Broadcom’s bid consists of $60 in cash and $10 in shares, representing a 28% premium to QCOM’s closing price on Thursday, a day before media reports of a potential deal pushed up the company’s shares. The deal values Qualcomm’s equity at roughly $103bn.

The proposal stands whether Qualcomm’s pending NXP deal is consummated on currently disclosed terms of $110/shr or if deal is terminated. Silver Lake Partners has provided $5b convertible debt financing commitment letter to support transaction.

A tie-up would combine two of the largest makers of wireless communications chips for mobile phones and, as Reuters adds, raise the stakes for Intel, which has been diversifying into smartphone technology from its stronghold in computers.

In a letter to Qualcomm, Broadcom CEO Hock Tan said the “proposal is compelling for stockholders and stakeholders in both companies. Our proposal provides Qualcomm stockholders with a substantial and immediate premium in cash for their shares, as well as the opportunity to participate in the upside potential of the combined company.”

If concluded, the hostile deal would be the biggest ever takeover in the technology sector and create a company with a combined market capitalisation of more than $200bn.

The full press release below:

Broadcom Proposes to Acquire Qualcomm for $70.00 per Share in Cash and Stock in Transaction Valued at $130 Billion

  • Broadcom Proposal Stands Whether Qualcomm’s Pending Acquisition of NXP is Consummated on the Currently Disclosed Terms of $110 per Share or the NXP Transaction is Terminated
  • Broadcom and Qualcomm, Including NXP, Will Have Pro Forma Fiscal 2017 Revenues of Approximately $51 Billion and EBITDA of Approximately $23 Billion, Including Synergies
  • Delivers Immediate, Substantial and Compelling Premium for Qualcomm Stockholders
  • Silver Lake Partners Provides $5 Billion Convertible Debt Financing Commitment Letter to Support Transaction
  • Broadcom Limited (AVGO) (“Broadcom”), a leading semiconductor device supplier to the wired, wireless, enterprise storage, and industrial end markets, today announced a proposal to acquire all of the outstanding shares of Qualcomm Incorporated (QCOM) (“Qualcomm”) for per share consideration of $70.00 in cash and stock.

    Under Broadcom’s proposal, the $70.00 per share to be received by Qualcomm stockholders would consist of $60.00 in cash and $10.00 per share in Broadcom shares.

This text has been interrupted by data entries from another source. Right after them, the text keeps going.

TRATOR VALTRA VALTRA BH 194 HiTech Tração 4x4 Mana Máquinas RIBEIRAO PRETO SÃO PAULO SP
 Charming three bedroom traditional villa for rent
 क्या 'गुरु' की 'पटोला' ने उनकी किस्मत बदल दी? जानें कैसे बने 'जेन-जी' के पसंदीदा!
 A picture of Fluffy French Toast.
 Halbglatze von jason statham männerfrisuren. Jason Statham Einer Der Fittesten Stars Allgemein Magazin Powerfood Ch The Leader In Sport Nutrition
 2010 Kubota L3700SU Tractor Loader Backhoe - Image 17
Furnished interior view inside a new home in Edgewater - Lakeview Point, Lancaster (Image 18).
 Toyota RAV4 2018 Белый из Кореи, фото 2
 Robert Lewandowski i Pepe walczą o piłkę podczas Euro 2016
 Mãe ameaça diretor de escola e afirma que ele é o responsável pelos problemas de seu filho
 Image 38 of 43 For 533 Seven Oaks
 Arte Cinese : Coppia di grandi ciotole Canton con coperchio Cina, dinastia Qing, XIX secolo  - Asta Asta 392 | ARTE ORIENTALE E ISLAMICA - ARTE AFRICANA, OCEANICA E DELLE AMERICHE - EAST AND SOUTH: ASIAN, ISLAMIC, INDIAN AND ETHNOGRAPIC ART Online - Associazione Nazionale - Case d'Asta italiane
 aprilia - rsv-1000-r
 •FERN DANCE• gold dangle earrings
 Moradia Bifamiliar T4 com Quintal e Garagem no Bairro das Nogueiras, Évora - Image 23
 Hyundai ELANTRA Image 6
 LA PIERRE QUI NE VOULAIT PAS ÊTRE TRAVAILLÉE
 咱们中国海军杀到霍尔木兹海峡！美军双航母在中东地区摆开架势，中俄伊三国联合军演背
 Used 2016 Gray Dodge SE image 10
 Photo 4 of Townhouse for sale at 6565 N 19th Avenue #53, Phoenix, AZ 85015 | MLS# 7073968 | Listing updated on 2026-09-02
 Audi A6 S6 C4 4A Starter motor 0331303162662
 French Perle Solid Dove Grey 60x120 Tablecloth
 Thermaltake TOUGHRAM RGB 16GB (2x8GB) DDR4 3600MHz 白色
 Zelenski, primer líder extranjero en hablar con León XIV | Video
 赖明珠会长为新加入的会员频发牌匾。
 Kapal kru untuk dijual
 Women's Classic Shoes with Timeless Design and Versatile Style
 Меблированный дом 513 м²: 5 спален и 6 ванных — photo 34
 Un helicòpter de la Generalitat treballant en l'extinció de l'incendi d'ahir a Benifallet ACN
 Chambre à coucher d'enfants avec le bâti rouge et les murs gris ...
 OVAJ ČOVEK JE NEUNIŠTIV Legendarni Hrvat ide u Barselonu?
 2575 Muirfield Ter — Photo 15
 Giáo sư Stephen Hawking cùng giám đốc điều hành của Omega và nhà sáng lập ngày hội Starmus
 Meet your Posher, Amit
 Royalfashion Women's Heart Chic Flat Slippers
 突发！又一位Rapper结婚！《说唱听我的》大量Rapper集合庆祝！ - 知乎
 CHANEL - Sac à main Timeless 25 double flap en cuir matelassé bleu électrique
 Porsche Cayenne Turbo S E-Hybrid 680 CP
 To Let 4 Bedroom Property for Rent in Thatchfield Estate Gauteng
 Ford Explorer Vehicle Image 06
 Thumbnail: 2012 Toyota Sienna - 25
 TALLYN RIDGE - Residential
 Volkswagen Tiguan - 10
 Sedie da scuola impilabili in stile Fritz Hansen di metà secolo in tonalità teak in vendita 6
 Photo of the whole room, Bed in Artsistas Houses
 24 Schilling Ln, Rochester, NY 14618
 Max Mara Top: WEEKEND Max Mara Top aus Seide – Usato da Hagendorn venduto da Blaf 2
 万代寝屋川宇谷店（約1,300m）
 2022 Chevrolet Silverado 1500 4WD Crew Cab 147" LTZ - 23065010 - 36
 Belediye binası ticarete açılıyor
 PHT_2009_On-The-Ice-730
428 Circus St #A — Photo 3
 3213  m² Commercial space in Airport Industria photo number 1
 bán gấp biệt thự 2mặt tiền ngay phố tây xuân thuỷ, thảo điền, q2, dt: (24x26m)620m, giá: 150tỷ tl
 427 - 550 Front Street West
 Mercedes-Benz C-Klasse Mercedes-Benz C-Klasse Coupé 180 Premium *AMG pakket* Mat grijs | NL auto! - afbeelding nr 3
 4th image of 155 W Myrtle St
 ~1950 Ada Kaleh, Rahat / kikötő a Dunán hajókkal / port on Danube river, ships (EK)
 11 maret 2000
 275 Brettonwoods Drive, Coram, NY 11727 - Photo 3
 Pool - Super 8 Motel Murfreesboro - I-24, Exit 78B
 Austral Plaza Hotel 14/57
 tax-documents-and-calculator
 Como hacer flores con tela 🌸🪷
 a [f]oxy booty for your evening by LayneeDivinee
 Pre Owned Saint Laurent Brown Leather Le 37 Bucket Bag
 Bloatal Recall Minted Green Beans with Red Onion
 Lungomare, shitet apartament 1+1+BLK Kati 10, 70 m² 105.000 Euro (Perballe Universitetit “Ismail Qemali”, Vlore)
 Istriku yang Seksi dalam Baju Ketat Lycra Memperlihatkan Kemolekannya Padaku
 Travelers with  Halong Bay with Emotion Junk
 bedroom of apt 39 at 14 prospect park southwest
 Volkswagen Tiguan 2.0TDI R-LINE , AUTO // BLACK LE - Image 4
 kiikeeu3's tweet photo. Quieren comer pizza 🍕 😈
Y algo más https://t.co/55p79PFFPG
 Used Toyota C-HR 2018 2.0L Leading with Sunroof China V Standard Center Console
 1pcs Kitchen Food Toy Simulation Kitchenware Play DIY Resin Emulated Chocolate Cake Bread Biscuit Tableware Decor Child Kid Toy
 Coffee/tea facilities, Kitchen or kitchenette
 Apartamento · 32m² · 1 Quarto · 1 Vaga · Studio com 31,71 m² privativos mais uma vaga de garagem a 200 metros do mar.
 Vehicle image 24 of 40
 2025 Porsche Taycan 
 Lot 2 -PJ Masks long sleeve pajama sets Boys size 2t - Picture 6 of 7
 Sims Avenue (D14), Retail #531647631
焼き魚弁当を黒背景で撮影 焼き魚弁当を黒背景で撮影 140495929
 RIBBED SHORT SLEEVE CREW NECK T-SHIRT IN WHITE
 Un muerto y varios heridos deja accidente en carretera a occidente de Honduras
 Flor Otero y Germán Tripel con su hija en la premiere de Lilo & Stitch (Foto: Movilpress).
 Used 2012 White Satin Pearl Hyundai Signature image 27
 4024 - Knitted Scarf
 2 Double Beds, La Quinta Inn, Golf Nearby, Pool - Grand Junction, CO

Broadcom’s proposal represents a 28% premium over the closing price of Qualcomm common stock on November 2, 2017, the last unaffected trading day prior to media speculation regarding a potential transaction, and a premium of 33% to Qualcomm’s unaffected 30-day volume-weighted average price. The Broadcom proposal stands whether Qualcomm’s pending acquisition of NXP Semiconductors N.V. (“NXP”) is consummated on the currently disclosed terms of $110 per NXP share or the transaction is terminated. The proposed transaction is valued at approximately $130 billion on a pro forma basis, including $25 billion of net debt, giving effect to Qualcomm’s pending acquisition of NXP on its currently disclosed terms.

    “Broadcom’s proposal is compelling for stockholders and stakeholders in both companies. Our proposal provides Qualcomm stockholders with a substantial and immediate premium in cash for their shares, as well as the opportunity to participate in the upside potential of the combined company,” said Hock Tan, President and Chief Executive Officer of Broadcom. “This complementary transaction will position the combined company as a global communications leader with an impressive portfolio of technologies and products. We would not make this offer if we were not confident that our common global customers would embrace the proposed combination. With greater scale and broader product diversification, the combined company will be positioned to deliver more advanced semiconductor solutions for our global customers and drive enhanced stockholder value.”